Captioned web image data
▬▬▬

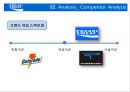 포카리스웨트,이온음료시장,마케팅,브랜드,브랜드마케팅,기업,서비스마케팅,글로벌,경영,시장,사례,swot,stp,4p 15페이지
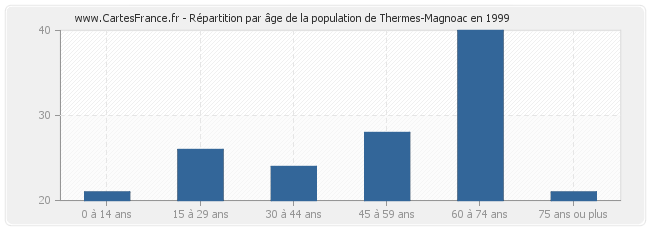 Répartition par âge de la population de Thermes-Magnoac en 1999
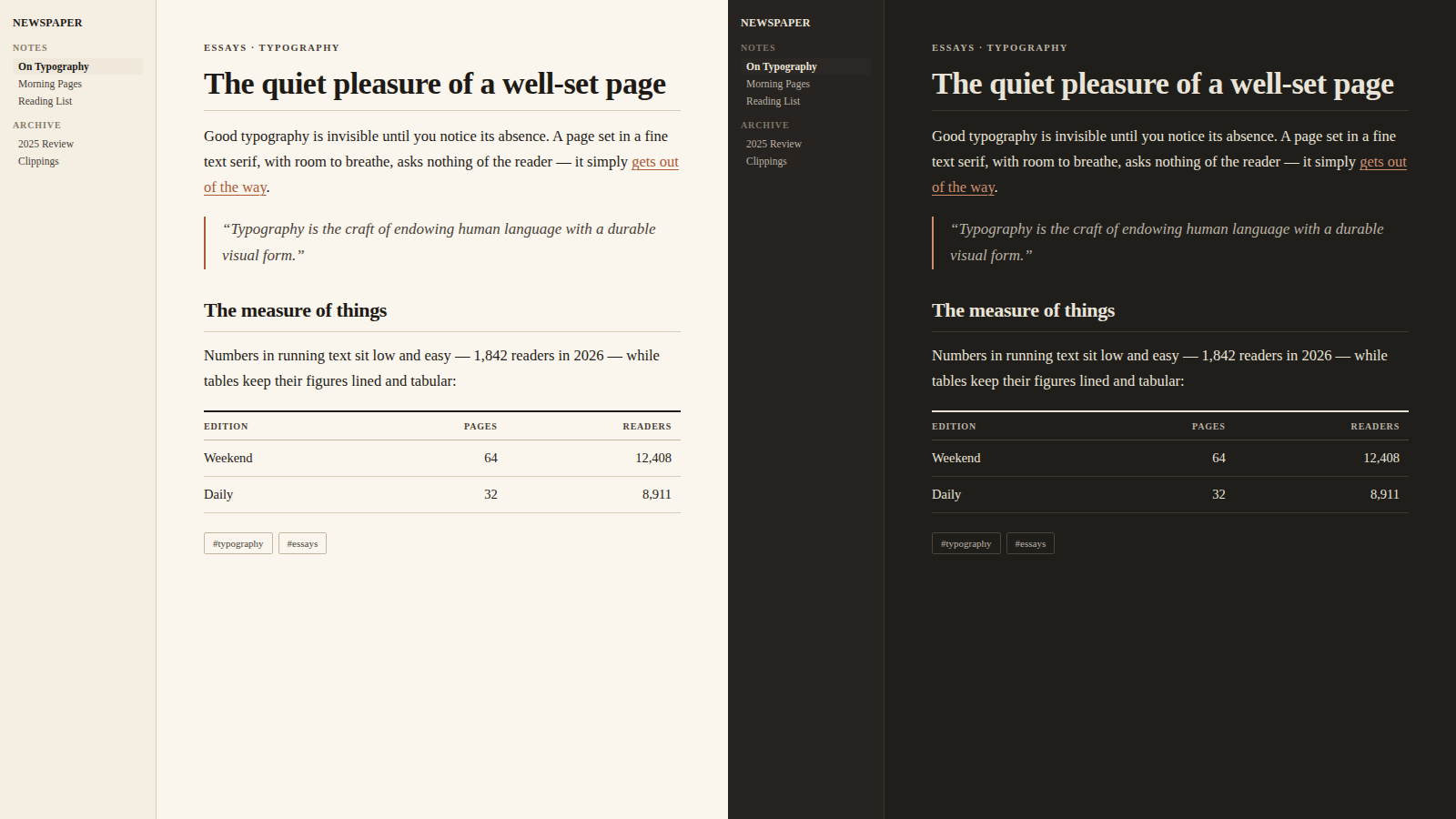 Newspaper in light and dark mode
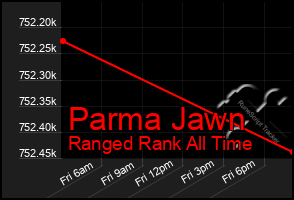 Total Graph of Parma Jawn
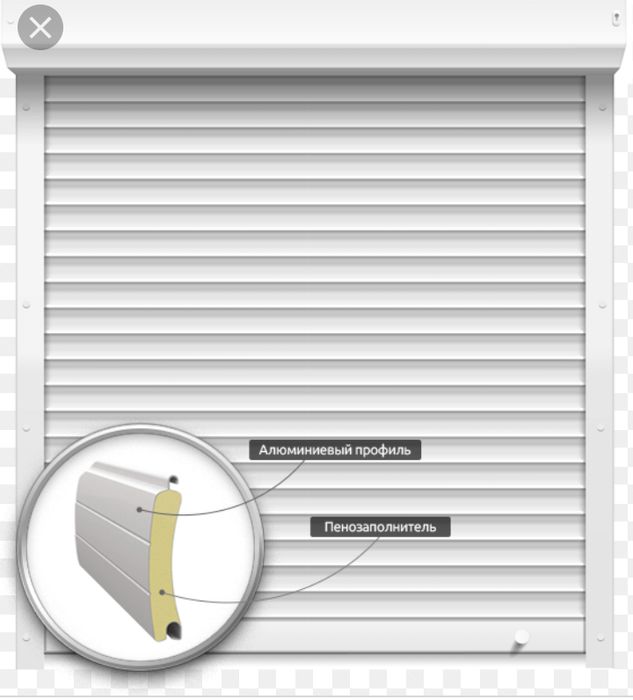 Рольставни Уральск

▬▬▬

* What is needed: Every line between the one containing "Répartition par âge" and the last line of the data above, both included, should be copied exactly, but not the pictures.

* The answer:
 Répartition par âge de la population de Thermes-Magnoac en 1999
 Newspaper in light and dark mode
 Total Graph of Parma Jawn
 Рольставни Уральск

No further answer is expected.